**Exercise**
For the entries below, copy exactly the line that contains "El lado oscuro" through the line that contains "PRESIDENT TRUMP STRESS", both ends included, and exclude all pictures.

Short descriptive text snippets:
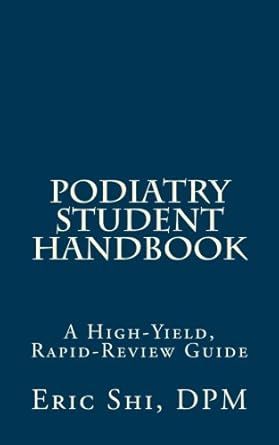 podiatry student handbook 1st edition eric shi 1515286177, 978-1515286172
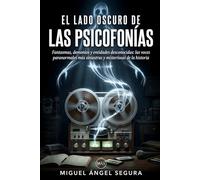 El lado oscuro de las Psicofonías: Fantasmas, demonios y entidades desconocidas: las voces paranormales más siniestras y misteriosas de la historia (La Gran Biblioteca del Misterio)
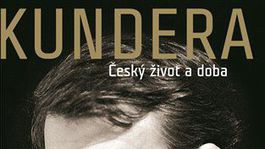 Jan Novák: Kundera. Český život a doba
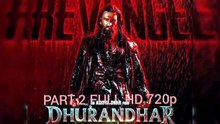 Dhurandhar 1 (2025) New Hindi HD Movie Part 2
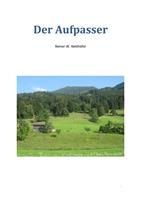   Der Aufpasser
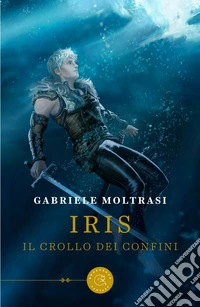 Iris. Il crollo dei confini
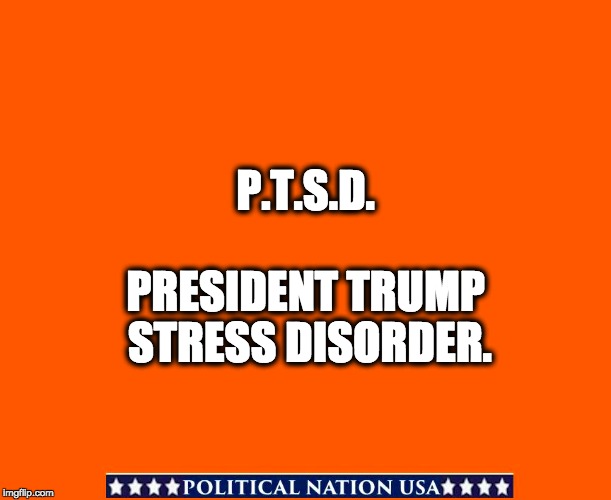 PRESIDENT TRUMP STRESS DISORDER. P.T.S.D. | image tagged in never trump,nevertrump,nevertrump meme,dumptrump,dump trump | made w/ Imgflip meme maker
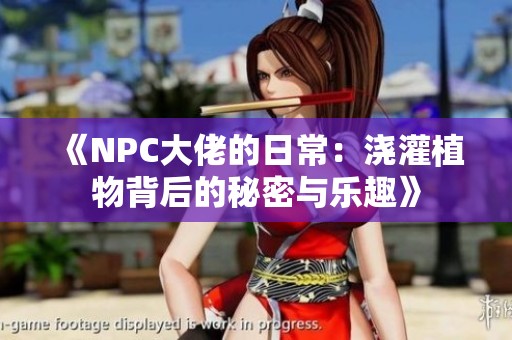 《NPC大佬的日常：浇灌植物背后的秘密与乐趣》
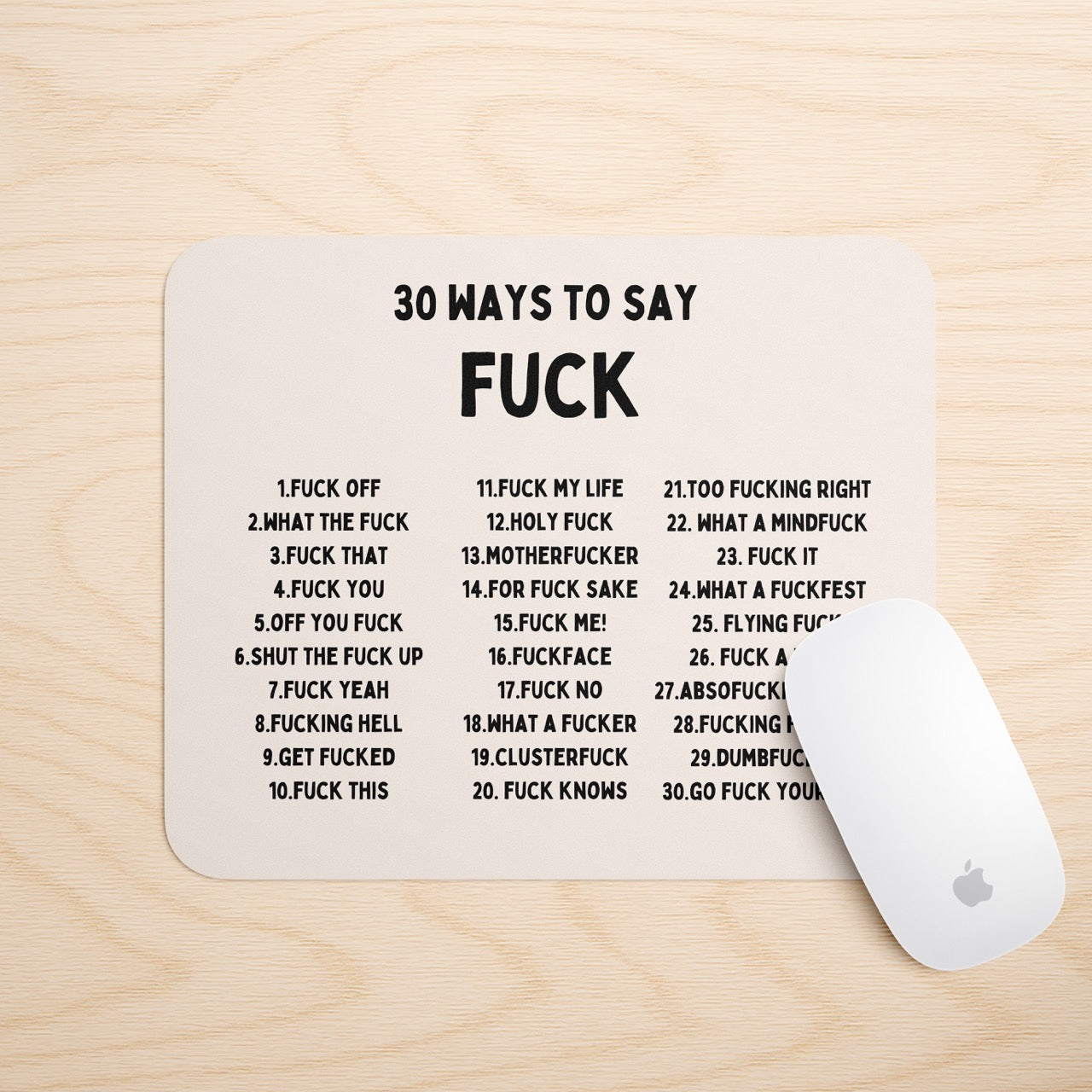 30 Ways To Say Fuck | Mouse Mat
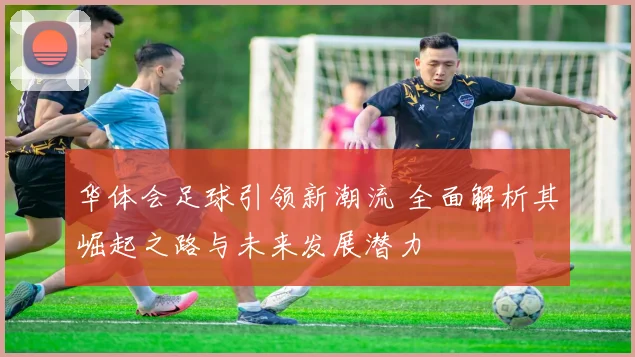 华体会足球引领新潮流 全面解析其崛起之路与未来发展潜力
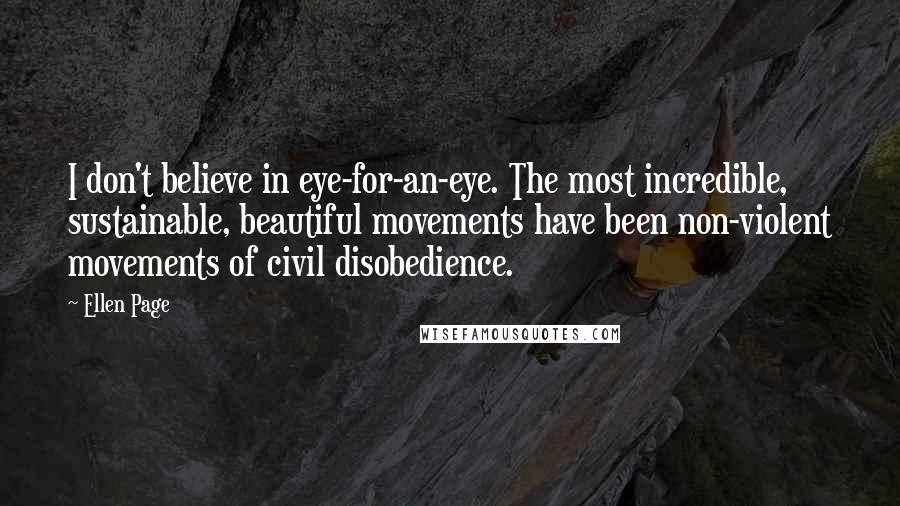 Ellen Page Quotes: I don't believe in eye-for-an-eye. The most incredible, sustainable, beautiful movements have been non-violent movements of civil disobedience.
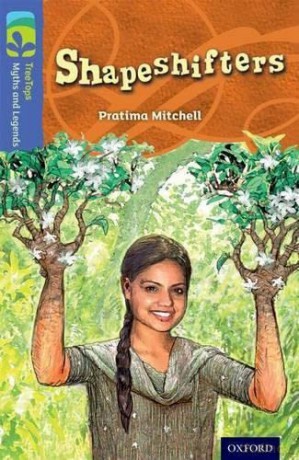 Oxford Reading Tree TreeTops Myths and Legends: Level 17: Shapeshifters - Hunt/Brychta [KSIĄŻKA]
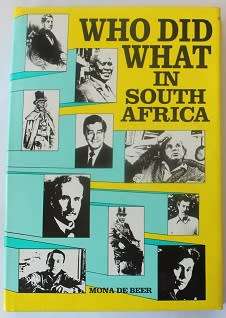 Who did what in South Africa by Mona de Beer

**Written response**
 El lado oscuro de las Psicofonías: Fantasmas, demonios y entidades desconocidas: las voces paranormales más siniestras y misteriosas de la historia (La Gran Biblioteca del Misterio)
 Jan Novák: Kundera. Český život a doba
 Dhurandhar 1 (2025) New Hindi HD Movie Part 2
   Der Aufpasser
 Iris. Il crollo dei confini
 PRESIDENT TRUMP STRESS DISORDER. P.T.S.D. | image tagged in never trump,nevertrump,nevertrump meme,dumptrump,dump trump | made w/ Imgflip meme maker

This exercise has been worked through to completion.